Chief of Staff of the People's National Army
- Incumbent
- Assumed office 23 December 2019
- Preceded by: Ahmed Gaid Salah

Commander of Ground Forces
- In office 20 September 2018 – 17 March 2020

Personal details
- Born: 1 August 1945 (age 81) El Kantara, Algeria

Military service
- Allegiance: Algeria
- Branch/service: Algerian People's National Army
- Rank: Army general
- Battles/wars: Six-Day War Yom Kippur War

= Saïd Chengriha =

Algerian military officer

Saïd Chengriha (Note: also romanized as Chanegriha) (سعيد شنقريحة; born 1 August 1945) is a senior official in the Algerian People's National Army.

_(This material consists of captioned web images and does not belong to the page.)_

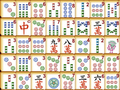 Mahjong Link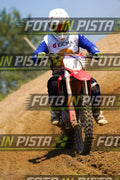 EICMA 20-09 12:00-13:00 · DOS03662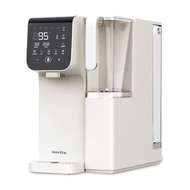 Instant Hot/Cold RO Water Dispenser W16 Cream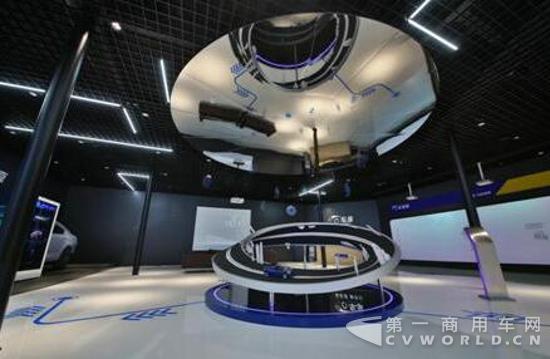 QQ截图20170421152537.jpg QQ截图20170421152537.jpg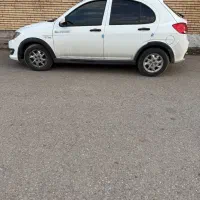 کوییکsمدل۱۴۰۲بی عیب|خودرو سواری و وانت|رفسنجان, |دیوار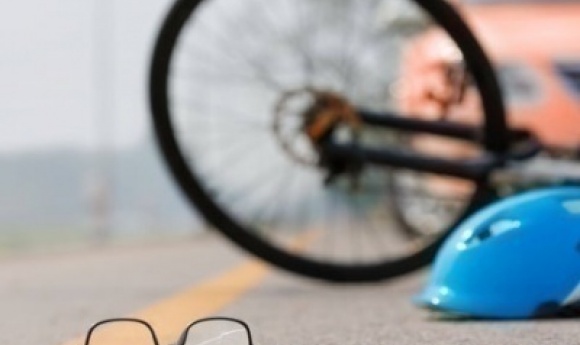 Collision Entre Un Cycliste Et Un Camion à Dioulacolon : La Victime Est Identifiée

He was the commander of the ground forces in September 2018 and was named acting chief of staff after the death of Ahmed Gaid Salah on 23 December 2019 until 3 July 2020 when he was officially appointed by president Abdelmadjid Tebboune. In November 2024, General Chengriha joined the Tebboune government as delegate for national defense.

==Military service==
After graduating from Saint-Cyr Military Academy, Chengriha took part in the Six-Day War in 1967 and the Yom Kippur War in 1973. He then attended the Voroshilov Academy. He has received a number of awards, including the PNA 1st, 2nd and 3rd chevron medals, Medal of the PNA participation in the middle-east wars 1967 and 1973, Medal of Military Merit, Medal of Honor and the Medal of Bravery of the PNA. He was promoted to the rank of brigadier general in 1998, to major general in 2003, to army corps general in 2020 and then to army general in 2022 by president Tebboune, on the occasion of the 60th anniversary of the Algerian independence.

==Personal life==
Chengriha is married and has six children.